Let's start with a headline of the day, before we move on to other more lofty matters. This is how the BBC introduced a story about the fall-out from Scottish outside-half Dan Parks' decision to hang up his international boots in the wake of Scotland's butchering of what should have been a winning position in a knuckle-chewingly awful game against England last weekend, and his own culpability in having his kick charged down by Charlie Hodgson early in the second half to gift England the only try of the game.

I'm actually inclined to agree with Jim Telfer that Parks was probably a bit hard done by, as he had been for much of his career. Yes, he was a pretty limited attacking outside-half, but so was Jonny Wilkinson and it never did him much harm.

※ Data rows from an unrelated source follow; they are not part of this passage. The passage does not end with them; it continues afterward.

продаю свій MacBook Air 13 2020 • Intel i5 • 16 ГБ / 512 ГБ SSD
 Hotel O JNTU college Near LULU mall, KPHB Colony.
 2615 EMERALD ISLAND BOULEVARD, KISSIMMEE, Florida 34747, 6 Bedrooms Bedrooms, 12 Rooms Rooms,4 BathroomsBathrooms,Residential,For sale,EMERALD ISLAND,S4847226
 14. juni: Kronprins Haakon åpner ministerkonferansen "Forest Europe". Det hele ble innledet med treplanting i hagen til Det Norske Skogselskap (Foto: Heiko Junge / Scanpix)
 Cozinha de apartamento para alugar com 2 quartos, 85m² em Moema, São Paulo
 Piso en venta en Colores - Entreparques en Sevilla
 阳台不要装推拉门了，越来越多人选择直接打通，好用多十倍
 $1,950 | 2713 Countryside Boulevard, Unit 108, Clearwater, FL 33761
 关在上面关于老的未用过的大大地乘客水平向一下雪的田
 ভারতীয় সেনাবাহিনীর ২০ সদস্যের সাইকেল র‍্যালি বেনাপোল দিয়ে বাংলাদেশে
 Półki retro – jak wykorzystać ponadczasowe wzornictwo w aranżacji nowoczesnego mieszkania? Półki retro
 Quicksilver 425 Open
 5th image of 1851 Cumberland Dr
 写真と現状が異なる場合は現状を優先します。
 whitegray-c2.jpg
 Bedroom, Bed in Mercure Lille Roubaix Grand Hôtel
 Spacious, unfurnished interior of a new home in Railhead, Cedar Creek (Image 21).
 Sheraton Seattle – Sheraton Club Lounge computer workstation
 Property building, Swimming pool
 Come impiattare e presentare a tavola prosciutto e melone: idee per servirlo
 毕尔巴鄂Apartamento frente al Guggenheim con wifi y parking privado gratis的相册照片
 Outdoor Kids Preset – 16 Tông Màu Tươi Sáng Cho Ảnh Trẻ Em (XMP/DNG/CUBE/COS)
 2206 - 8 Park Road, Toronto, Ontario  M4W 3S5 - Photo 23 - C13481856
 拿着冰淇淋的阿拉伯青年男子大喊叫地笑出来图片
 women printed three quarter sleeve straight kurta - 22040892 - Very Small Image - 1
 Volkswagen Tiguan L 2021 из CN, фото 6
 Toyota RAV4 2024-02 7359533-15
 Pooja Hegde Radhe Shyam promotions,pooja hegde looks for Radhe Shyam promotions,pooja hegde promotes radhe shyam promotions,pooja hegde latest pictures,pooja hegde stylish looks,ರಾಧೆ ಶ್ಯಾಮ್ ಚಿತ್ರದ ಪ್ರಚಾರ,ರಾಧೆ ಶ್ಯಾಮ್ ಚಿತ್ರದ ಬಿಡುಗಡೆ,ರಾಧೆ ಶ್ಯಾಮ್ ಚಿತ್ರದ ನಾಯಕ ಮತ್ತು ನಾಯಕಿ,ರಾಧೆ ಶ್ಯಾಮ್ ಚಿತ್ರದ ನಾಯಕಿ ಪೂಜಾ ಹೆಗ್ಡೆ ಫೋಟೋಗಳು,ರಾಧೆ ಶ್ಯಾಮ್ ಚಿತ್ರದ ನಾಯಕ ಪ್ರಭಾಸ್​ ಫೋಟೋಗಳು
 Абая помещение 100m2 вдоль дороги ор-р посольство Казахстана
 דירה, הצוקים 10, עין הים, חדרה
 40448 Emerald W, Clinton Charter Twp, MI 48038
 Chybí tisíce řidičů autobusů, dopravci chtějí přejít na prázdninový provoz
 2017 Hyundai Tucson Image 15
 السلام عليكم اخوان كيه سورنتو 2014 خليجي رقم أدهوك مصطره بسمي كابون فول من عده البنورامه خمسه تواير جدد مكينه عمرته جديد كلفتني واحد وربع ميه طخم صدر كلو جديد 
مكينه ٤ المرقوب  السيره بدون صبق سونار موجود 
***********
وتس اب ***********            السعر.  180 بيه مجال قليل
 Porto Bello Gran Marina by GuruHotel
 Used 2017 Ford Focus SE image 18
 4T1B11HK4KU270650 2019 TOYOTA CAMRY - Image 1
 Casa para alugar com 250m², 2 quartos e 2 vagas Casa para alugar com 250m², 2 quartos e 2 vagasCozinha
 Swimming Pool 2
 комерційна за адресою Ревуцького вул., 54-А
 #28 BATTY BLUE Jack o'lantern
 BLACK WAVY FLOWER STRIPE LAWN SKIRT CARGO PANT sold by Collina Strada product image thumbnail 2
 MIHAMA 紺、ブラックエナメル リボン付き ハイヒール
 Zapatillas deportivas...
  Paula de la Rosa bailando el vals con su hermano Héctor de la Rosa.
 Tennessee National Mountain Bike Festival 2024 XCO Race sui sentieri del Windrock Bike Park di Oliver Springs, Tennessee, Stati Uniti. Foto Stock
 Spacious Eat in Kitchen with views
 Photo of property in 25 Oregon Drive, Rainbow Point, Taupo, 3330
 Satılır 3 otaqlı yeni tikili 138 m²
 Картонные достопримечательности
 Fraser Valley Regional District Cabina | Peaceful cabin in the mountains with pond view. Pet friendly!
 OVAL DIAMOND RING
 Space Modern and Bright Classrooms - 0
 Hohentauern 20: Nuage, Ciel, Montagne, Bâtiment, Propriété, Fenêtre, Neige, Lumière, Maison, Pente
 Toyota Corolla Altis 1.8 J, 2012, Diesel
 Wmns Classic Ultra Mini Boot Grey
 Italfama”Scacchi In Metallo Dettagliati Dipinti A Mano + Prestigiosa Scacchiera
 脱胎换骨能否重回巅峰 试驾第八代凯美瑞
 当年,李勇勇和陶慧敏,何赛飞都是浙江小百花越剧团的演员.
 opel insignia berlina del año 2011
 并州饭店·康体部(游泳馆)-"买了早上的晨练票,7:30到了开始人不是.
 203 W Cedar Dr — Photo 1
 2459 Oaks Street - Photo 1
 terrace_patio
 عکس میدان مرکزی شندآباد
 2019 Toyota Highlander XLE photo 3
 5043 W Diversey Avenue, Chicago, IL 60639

Robinson's positive eagerness to let him fall on his sword over last week's defeat (for which he was by no means solely to blame) seems a bit churlish.

Anyway, the headline reads a bit oddly, don't you think? Here's the sub-headline, which also reads a bit oddly, for the same reason.

"Retiral"? Is that a word? "Retrial", which uses the same letters, certainly is (same goes for "trailer", come to think of it), but surely the word the headline-writers were having a bit of a mental block over here was "retirement"? There's a single citation here (which, to be fair, has it as a Scottish usage), but it's hardly a ringing endorsement.

No matter. The other reason the Parks story stuck in my head was that Wales are playing Scotland in Cardiff this weekend, and the last time that happened not only was Dan Parks the Man of the Match, but the game ended with one of the most insanely exciting last five minutes of any game I've ever seen, Wales scoring 17 points without reply to win 31-24. My poor old nerves could do with a more sedate cruise to victory this time, though, particularly after the last-minute nature of our win over Ireland last Sunday.

Back to rugby-related words, and continuing the Dan Parks links: it is odd how the number 10 position in rugby union has such a wide variety of names, usage of which splits broadly across national boundaries (I'm thinking solely of English-speaking nations here: I mean, obviously the French have a different word for it). I think the usage breaks down like this:

England: fly-half
Wales: outside-half
Scotland: stand-off
New Zealand: first five-eighth

I can't think of another position that has so many alternative names - the New Zealanders call what everyone else calls an inside centre a second five-eighth, and people used to call flankers wing-forwards (though that usage is largely obsolete now), but that's about it. I suppose it just reflects the pivotal play-making nature of the number 10 position - a bit like the quarterback in American football, but without the helmet, body armour and terrifying religiosity.